Margie Taylor rsm, Newfoundland, Canada is part of an extensive network working to prevent human trafficking and accompanying victims and survivors. She cites poverty as a significant root cause, also lack of education, low minimum wages, single parent families, and the high cost of living. The closure of a lucrative fishery in Newfoundland left many workers and therefore their families with no stable income. Similar to other countries poverty has led some women to get involved in ‘survival sex’ to pay rent, buy groceries and have sufficient money to care for their children.
High salaries were part of the boom years but the subsequent economic downturn left many families struggling with unemployment and debt. A lack of psychiatric services for those dealing with addictions or mental health issues compounded social problems. This was particularly true for women, youth, also indigenous people and migrant workers living away from their communities, rendering them more vulnerable to being trafficked. Newer root causes Margie cited are social media, sex-ting, cyber bullying and ‘couch surfing’.

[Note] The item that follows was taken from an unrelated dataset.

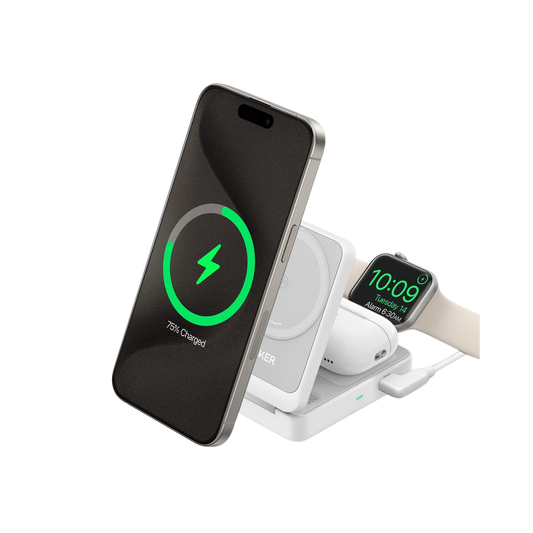 Anker MagGo Wireless Charging Station Powering Multiple Devices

Carole McDonald rsm, the Victorian Representative for ACRATH Australia, highlighted the lack of programming to assist people in poverty, as a significant root cause of being exploited. Government recruitment of migrant workers from the Pacific Islands and Asian countries for construction work, farming, mining and fishing for low salaries sometimes not paid, underpins labour exploitation. Overseas students who need to work to pay for basic needs are sometimes lured towards ‘false jobs’ making them vulnerable to being trafficked for labour or sexual purposes. Also vulnerable are low income workers, pensioners, female victims of domestic violence and those caught up in addiction.
Other root causes especially for the young are associated with social media. The sexualisation of advertising, texting of graphic photos, easy access to pornography and cyber bullying often leads young people into isolation. They can also be lured or pressured into getting involved in activities that makes them vulnerable to blackmail. And few job opportunities for people with limited education, increases their vulnerability.
Jeanne Christensen rsm, Justice Advocate - Human Trafficking, Sisters of Mercy, West Midwest Community USA, believes that persons who are vulnerable are more likely to be exploited. This can occur via the widespread use of social media, where anonymity or duplicity often embroils innocent or vulnerable persons. Additionally the speed of interaction when using smart phones and related devices means decisions may be made too quickly. Escalated conversations over a short period of time, can falsely suggest a close intimacy between relative strangers. Predators use this false friendship base, to encourage the other person into sending messages with sexual content or graphic photos, thus making her/him vulnerable to being blackmailed.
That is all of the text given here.